The prime minister of the Republic of Kalmykia, Igor Zotov, urged local officials on Wednesday to transfer money to help the people of Ukraine

MOSCOW, March 05. /ITAR-TASS/. Russian regions continue raising funds and humanitarian aid for the people of Ukraine, while municipal governments are getting ready to receive refugees from the neighboring country.

Dagestan, a republic in Russia’s North Caucasus, has opened a unified bank account to where local government officials are supposed to transfer their one-day earnings, the Dagestani president’s administration press service told Itar-Tass on Wednesday.

The prime minister of the Republic of Kalmykia, Igor Zotov, urged local officials on Wednesday to transfer money to help the people of Ukraine.

“Today, I am transferring my one-day earnings to a special account. I am urging the members of my government as well as all ministries, agencies and the heads of municipal units to follow suit,” he emphasized, urging all municipal units to be ready to receive Ukrainian refugees.

Banks accounts and points for collecting relief aid for the people of Crimea have opened in Russia’s Tula region.

Pensioners in the Tomsk region, Western Siberia, could not stand aside. They have organized their own fund-raising campaign. Dozens of local residents and a number of public organizations have appealed to the regional administration to start collecting money for Ukraine. They hope that an all-Russian national account will open for that purpose soon.

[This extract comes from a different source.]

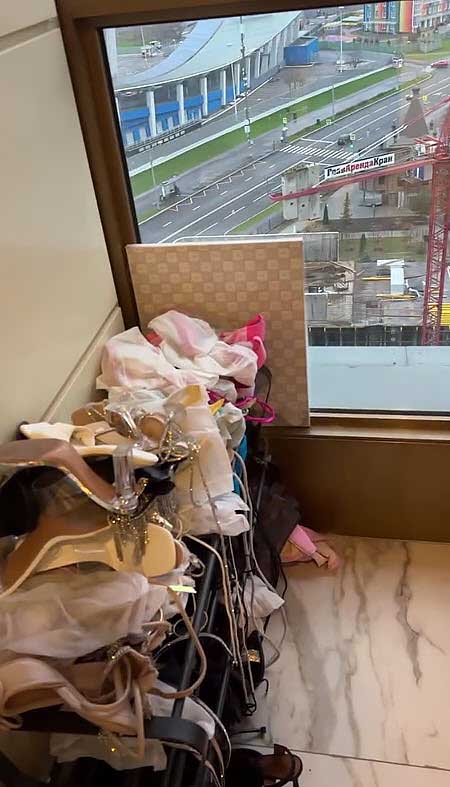 Алексей Купин навестил Настю Голд в ее апартаментах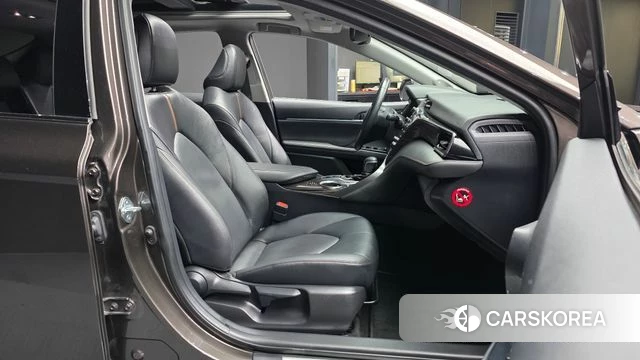 Toyota Camry (XV70) 2019 Коричневый из Кореи, фото 2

Vasily Bochkaryov, the governor of the Penza region, 625 kilometers (388 mi) southeast of Moscow, has ordered the local administration and the regional Emergencies Ministry branch to set up aid collection points and organize the delivery of humanitarian relief aid to the people of Crimea.

The Federal Migration Service department for the Penza region received applications from ten native Ukrainians residing and working in the region on Monday and Tuesday who wrote they wanted to know about facilitated procedures for obtaining Russian citizenship by their relatives in Ukraine.

Stefan Panyak, a member of the National Cultural Autonomy of Ukrainians in Yekaterinburg, the Urals region, said on Wednesday that the Ukrainian community in the Sverdlovsk region was ready to accept refugees from Ukraine and help them with housing and employment. At present, the region has 18,000 Ukrainians who have come there in view of various circumstances.